When I was a kid, I somehow got it into my head that breaking bottles and perferating tin cans was a worthwhile pursuit, and bought myself a pellet gun. It occured to me one day that my pellet gun had some serious limitations in rate of fire, range, accuracy and power. So I begged my parents to get me a .22 rifle and a few months later I was the proud owner of a Ruger 10/22. It grew and grew from there (although it shrunk a couple of times too thanks to the Nazi regimes we tend to get in this country nowadays) until I one day realised that guns wern't just fun, they were important for other things too, like not being forced to wear a star on my shirt, and not getting stabbed in the face.
 
Grew up around 'em, sort of -- went deer hunting every year with my dad. Never had handguns, never thought of self defense. After I got married, I had a battered old .22 rifle underneath my bed, but rarely got it out.

Fast forward a few years. Husband and I finally made our escape from urban life. We moved to a house in the country on a busy-ish rural highway. I was pregnant with Baby #5, and husband worked late-night hours.

Right around the time the first drunk crashed into our ditch and asked to use the phone, it occurred to me that perhaps I should have a gun or something for defense. By the time the second one did so (two weeks later), I knew I really ought to get past the "ought to" and into action.

When I got serious about making our house safer, we first bought throw-out-the-window fire ladders for upstairs. And more smoke alarms. And brighter lights for the outside areas. And better locks for the doors. Then we went looking for a gun.

At first I thought I wanted a shotgun for defense. That's what everybody says to do, right? Get a shotgun, you don't even have to aim it, just the noise will make an intruder crap his pants. Put it up high where the kids can't get it.

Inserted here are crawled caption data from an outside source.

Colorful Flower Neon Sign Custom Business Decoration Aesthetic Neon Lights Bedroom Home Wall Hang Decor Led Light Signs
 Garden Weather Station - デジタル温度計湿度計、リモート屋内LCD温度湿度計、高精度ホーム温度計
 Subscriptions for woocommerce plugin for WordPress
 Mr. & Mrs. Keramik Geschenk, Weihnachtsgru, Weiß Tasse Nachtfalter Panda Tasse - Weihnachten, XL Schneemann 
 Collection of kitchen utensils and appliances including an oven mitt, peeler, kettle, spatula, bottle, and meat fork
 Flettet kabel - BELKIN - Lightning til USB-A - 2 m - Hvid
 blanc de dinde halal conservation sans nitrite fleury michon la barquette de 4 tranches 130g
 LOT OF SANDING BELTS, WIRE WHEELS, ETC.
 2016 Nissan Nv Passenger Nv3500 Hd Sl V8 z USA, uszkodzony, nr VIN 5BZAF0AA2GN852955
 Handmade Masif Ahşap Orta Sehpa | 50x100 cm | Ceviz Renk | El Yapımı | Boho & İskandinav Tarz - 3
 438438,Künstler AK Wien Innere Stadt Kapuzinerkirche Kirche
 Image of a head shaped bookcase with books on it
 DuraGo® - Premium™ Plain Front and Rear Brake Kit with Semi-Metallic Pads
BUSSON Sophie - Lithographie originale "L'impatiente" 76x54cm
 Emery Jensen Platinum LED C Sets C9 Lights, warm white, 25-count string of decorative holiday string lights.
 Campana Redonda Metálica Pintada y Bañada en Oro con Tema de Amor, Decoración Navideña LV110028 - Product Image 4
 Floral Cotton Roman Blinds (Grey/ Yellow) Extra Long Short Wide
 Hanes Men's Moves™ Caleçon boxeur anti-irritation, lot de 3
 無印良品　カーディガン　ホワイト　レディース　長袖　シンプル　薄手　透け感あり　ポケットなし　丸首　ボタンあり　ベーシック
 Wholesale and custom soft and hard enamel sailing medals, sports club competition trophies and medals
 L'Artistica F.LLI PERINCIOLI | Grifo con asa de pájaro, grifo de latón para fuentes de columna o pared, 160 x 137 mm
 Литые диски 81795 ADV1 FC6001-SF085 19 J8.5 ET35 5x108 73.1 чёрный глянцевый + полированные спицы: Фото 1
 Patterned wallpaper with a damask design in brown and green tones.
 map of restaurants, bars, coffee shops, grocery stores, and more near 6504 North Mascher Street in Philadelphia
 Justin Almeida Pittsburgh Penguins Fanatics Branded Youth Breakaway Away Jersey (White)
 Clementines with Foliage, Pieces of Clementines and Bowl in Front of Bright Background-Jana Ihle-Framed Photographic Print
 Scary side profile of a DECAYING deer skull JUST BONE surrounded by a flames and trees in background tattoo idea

That was bad advice, by the way. Except on rare and unpredictable occasions, my children have never been the sweet, innocent, adorable types who play peacefully together or quietly by themselves and always do what they're told. Frankly, they were born monsters -- you know, the kind of kids who will get into the Christmas gifts and will slide down the staircases and will climb apple trees and will take the radio apart with a screwdriver and will get behind the wheel of the car if mom accidentally leaves her keys in. We've civilized them, sort of, but only with great effort and at a horrendous cost in terms of energy spent.

Even if I'd been able to convince myself that my normal children were inhumanly good after all, a toddler sitting on my fridge one afternoon convinced me that "hiding stuff up high" to keep it out of kids' hands was just a really stupid thing to do.

So where in the world could I safely fit an easily-accessible long gun into our home? I couldn't. It just wasn't possible. If I couldn't get at it when I needed it in a hurry, there wasn't any point in having it at all, I figured.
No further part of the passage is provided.